資料の中で、ひとつ、興味深い分析チャートがありました。
過去20年の日経平均のドル/円レート水準別相関係数のチャートです。
チャートから次のことがわかります。
① ドル円が105円より低い時 ドル円と日経平均株価は、正の相関をする。
② ドル円が105円から122円の時 ドル円と日経平均株価は、相関しない。
③ ドル円が122円より高い時 ドル円と日経平均株価は、負の相関をする。
つまり、
円安が進み、同時に株高になるのは、ドル円レートが105円までで、
105円から122円までは、ドル円と日経平均株価は、連動しなくなり、
122円を超えると、今度は、円安株安になるということがわかります。
現在ドル円レートが107円付近ですから、
日経平均株価とドル円レートが相関しないのも、納得がいくわけです。
そして、
過去のデータから、ドル円レートが122円を超えると、円安株安、
つまり、日本経済にとって、マイナスとなる、悪い円安となることがわかります。
ただし、このデータ分析も、過去のデータの分析ですので、経験則にほかなりません。
ロジックとして現時点の円安による、企業収益性の転換点を探るには、
それぞれの企業の収益性転換点の情報を積上げるしかないんですけどね。
それにしても、
概算として、ドル円レートが122円を超えると、日本経済にとってマイナスになるという分析結果は
金融緩和策をとるにあたって、重要な目安となる数値であると考えています。
また、逆に考えれば、ドル円レートが105円から122円のレンジに収まれば、
日本経済(平均株価)は、為替レートの影響を受けない、均衡レートと考えることもできます。
いずれにしても、データ分析からも、追加緩和によって、これ以上(105円以上)、
円安になっても、もう、日経平均株価は上がらないのです!!
(もちろん、流動性向上の点からの、一時的な株価の上昇は考えられますが。
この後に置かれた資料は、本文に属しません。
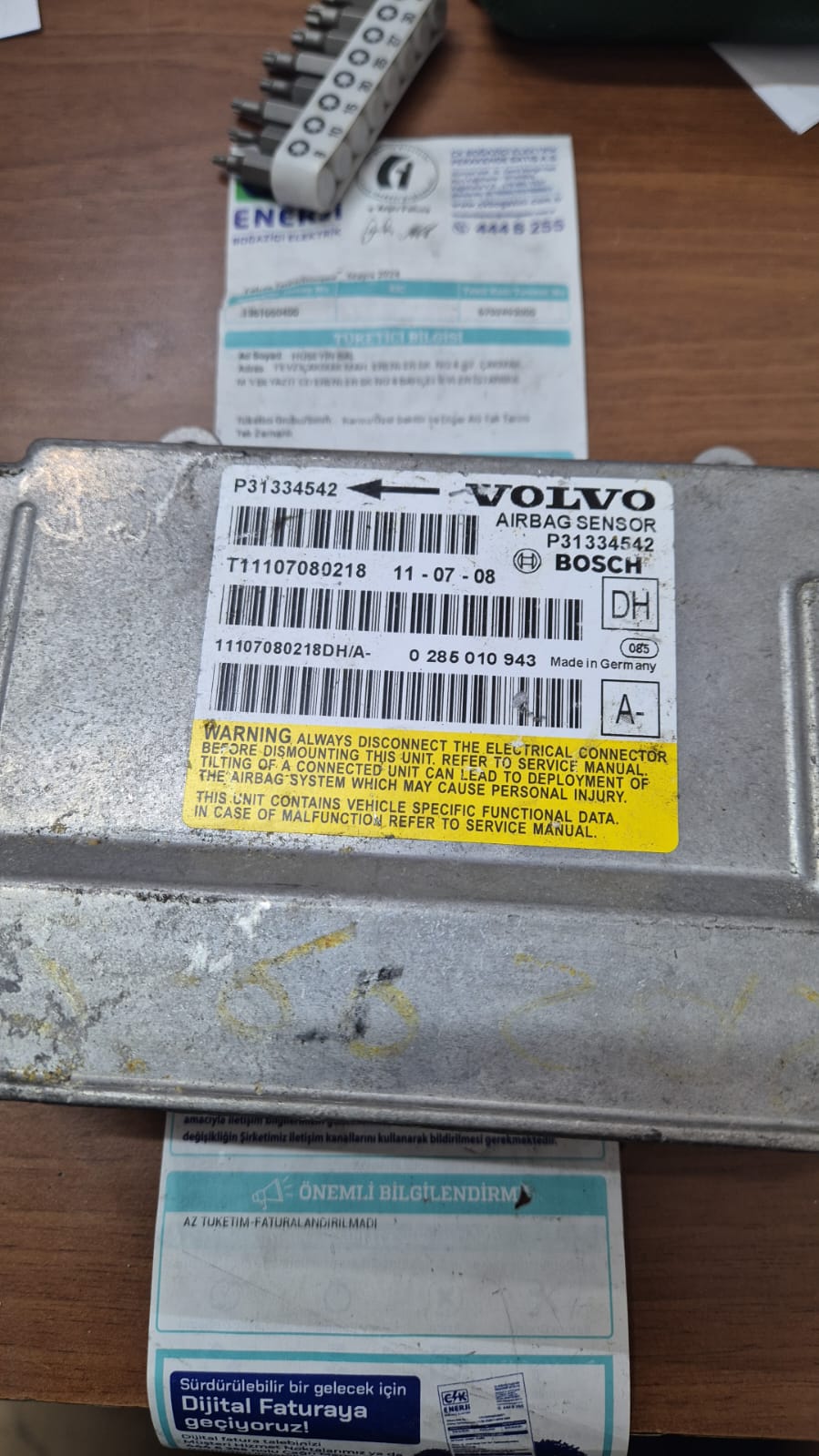 P31334542 0285010943 VOLVO s60 airbag beyini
)
構造改革や規制緩和による成長戦略がカギとなるのでしょう。
p.s.
インドのモディ首相のモディノミクスが脚光を浴び、インド株式が上昇しています。
藤戸さんの資料を見ると、そのポイントは、次の通りです。
① 小さな政府
② 自由貿易
③ 市場経済
④ 規制緩和
⑤ 民営化
⑥ 外資導入
これらの政策を推進すると、その国の経済が活性化するということは、
世界中の投資家も良く知っており、これらの政策こそが、投資家が期待する成長戦略なのです。
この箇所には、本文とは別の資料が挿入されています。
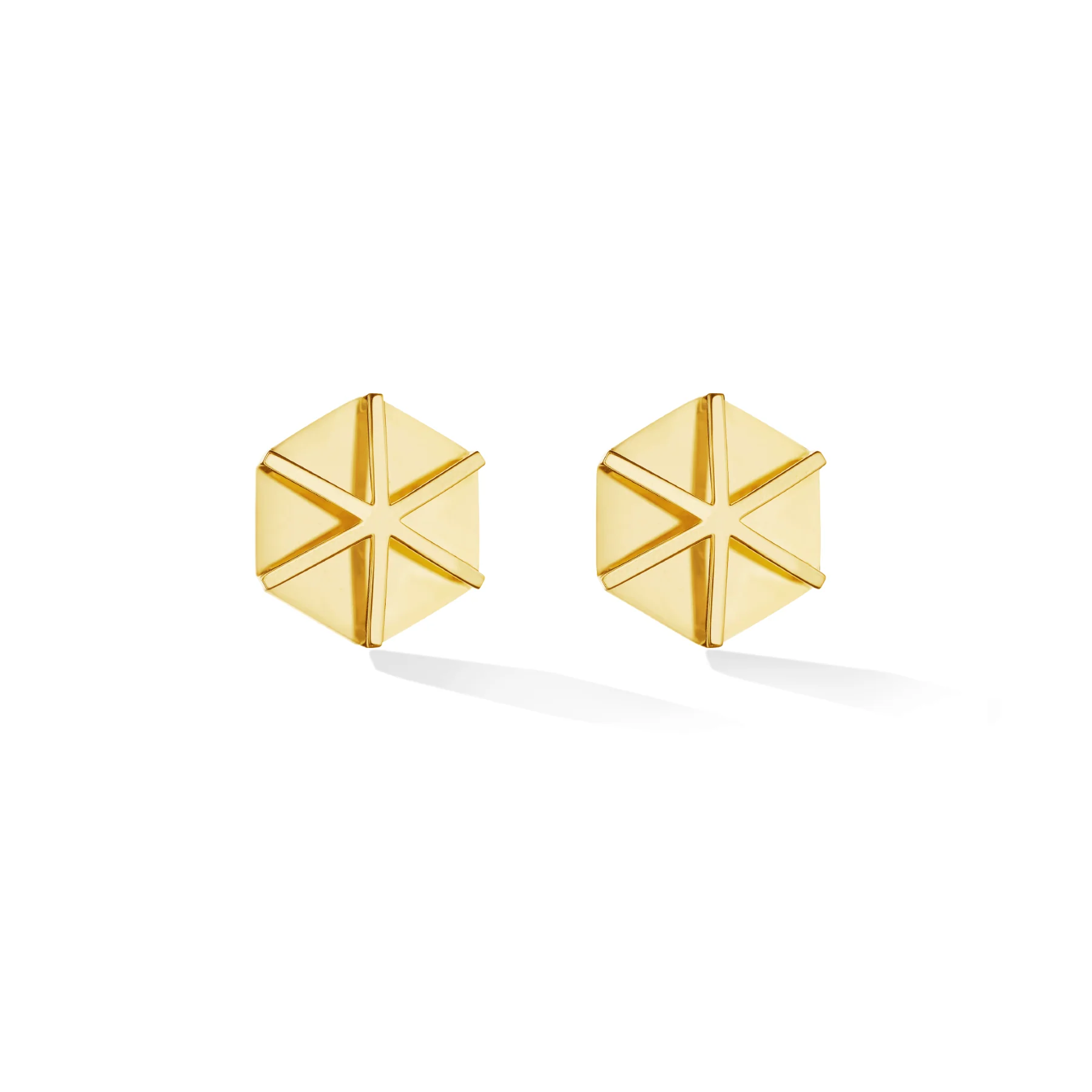 CADAR 18K Yellow Gold B Home Polished Stud Earrings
実際、日本の成長戦略も、これら6項目の推進をすれば、経済成長が成功する確率も高まり、
世界中の投資家からも、評価されることになるのでしょう。
逆に、これらの政策と逆の政策を推進すると、経済が失速する確率が高まり、
日本売りの原因になると考えられます。
問題は、これらを推進すると、必ず出てくる抵抗勢力を抑えて、実行できるかどうかです。
日本では、過去なかなかうまくいっていませんが、日本では、やはり無理なのでしょうか?
(=日本はこのまま沈んでいくのでしょうか?)
そんなことは、いやですよね。
中には、成長戦略は民間の仕事だと、責任転嫁をする向きもいるようですが、
そうではないでしょう。
政府は、経済成長を促すのに、
政府にしかできないことを成長戦略として、推進しなければならないのです。
安倍政権のリーダーシップが問われているのだと思います。
効果の高い経済成長戦略(第三の矢)の提示とその実行に期待しております。